Perayaan, Tepuk Tangan, dan Pertanyaan yang Tersisa
Saya hidup di lingkungan yang suka merayakan.
Bulan lalu, saya merayakan ulang tahun ke-56. Saya lahir tepat 11 hari sebelum Apollo 11 membawa Neil Armstrong dan Buzz Aldrin mendarat di Bulan.
Tanggal 30 April lalu, saya juga merayakan Hari Jazz Internasional yang diprakarsai UNESCO, dengan sebuah pementasan di Banda Aceh. Di tanggal yang sama, putra pertama saya merayakan ulang tahunnya yang ke-31.
Hampir setiap hari saya melakukan perayaan, layaknya selebrasi pemain bola yang baru saja mencetak gol.
Bagi saya, perayaan adalah penanda pencapaian. Kecil atau besar, saya selalu menghargainya.

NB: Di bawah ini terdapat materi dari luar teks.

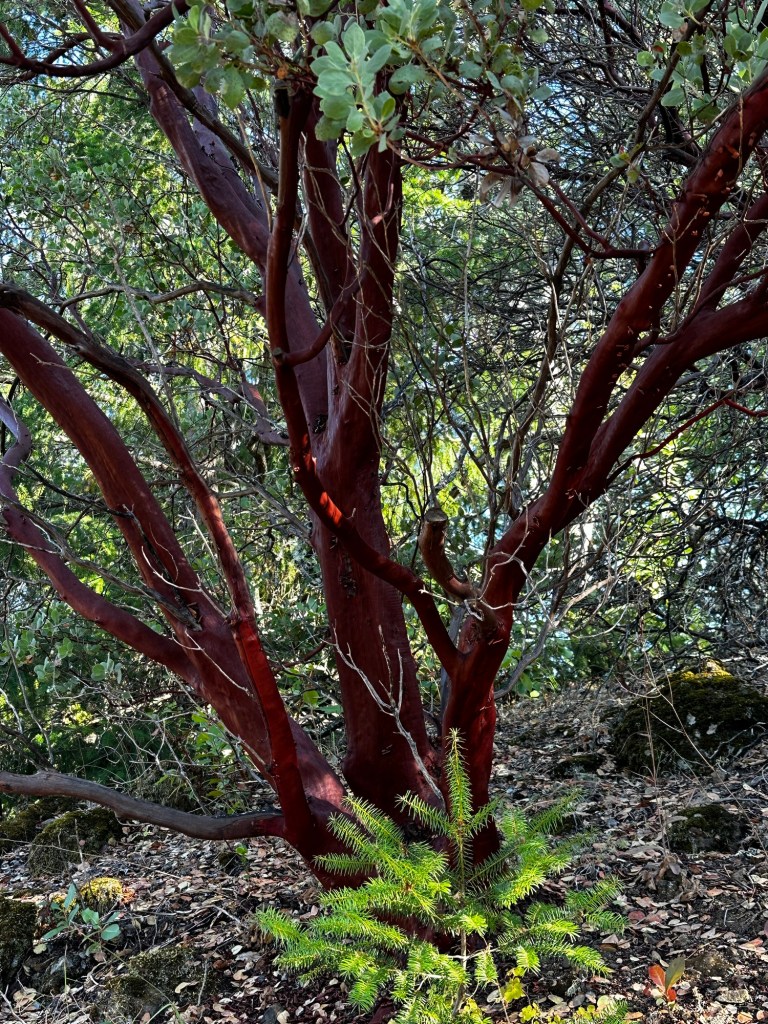 Lake Sonoma in California by Happy Vegan Campers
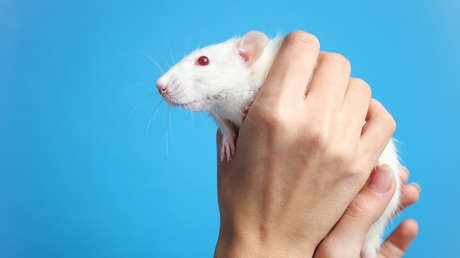 Una impresora 3D repara el hueso y la piel a una rata de laboratorio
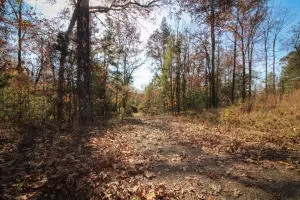 Undisclosed, Dover, AR 72837 photo 6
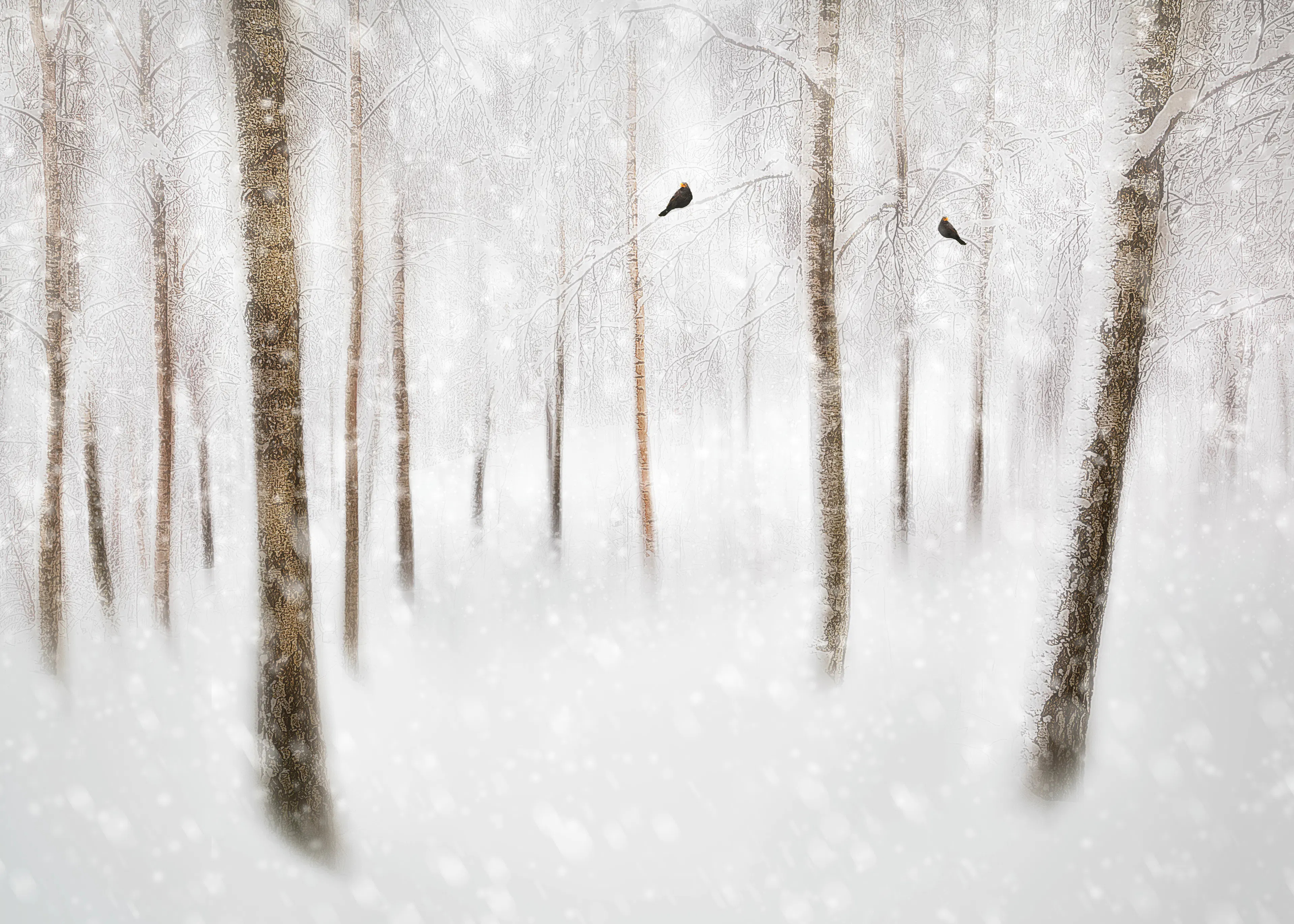 Misty White Winter Serenity Poster 0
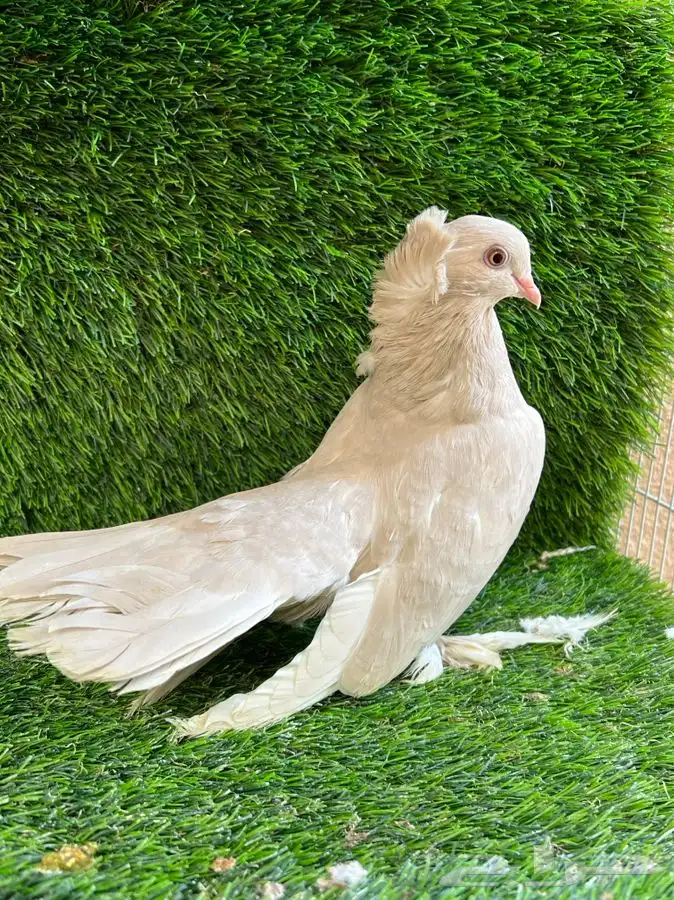 (تم البيع ) ليمون الواضح ذكر كرنقو 1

Selesai membuat aransemen musik, saya rayakan. Selesai berjalan keliling stadion atau lapangan Blang Padang, saya rayakan. Selesai mengajar murid di Sekolah Musik Moritza saya juga rayakan.

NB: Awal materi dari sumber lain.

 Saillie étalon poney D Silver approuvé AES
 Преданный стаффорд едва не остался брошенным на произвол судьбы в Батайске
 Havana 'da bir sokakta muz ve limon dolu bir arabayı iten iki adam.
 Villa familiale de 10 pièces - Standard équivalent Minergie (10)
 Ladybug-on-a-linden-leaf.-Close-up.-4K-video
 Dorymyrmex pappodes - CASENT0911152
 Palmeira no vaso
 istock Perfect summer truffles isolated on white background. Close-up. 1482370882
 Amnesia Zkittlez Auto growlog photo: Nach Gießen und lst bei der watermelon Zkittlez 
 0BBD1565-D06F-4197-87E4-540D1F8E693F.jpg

Itu kebanyakan perayaan pribadi. Tapi kalau soal perayaan bersama-sama, saya juga tak mau ketinggalan.
Bulan Agustus ini penuh tanggal istimewa: Hari Pemuda Internasional, Hari Kemanusiaan Sedunia, Hari Kemerdekaan Indonesia, dan Hari Peringatan MOU Damai Aceh.
Hari ini, MOU Damai Aceh genap berusia 20 tahun. Selama 19 tahun terakhir, saya merayakannya tanpa pernah absen. Tapi tahun ini, saya mulai berpikir ulang. Apakah karena makna MOU mulai memudar?
Bukan.
Saya cuma ingin memastikan, apa yang saya rayakan benar-benar pantas dirayakan. Sebab tanpa alasan yang jernih, perayaan hanyalah tepuk tangan kosong. Bergema sebentar, lalu hilang bersama keramaian.
Dan jika begitu, siapa yang sebenarnya kita rayakan, momen itu, atau ego kita sendiri?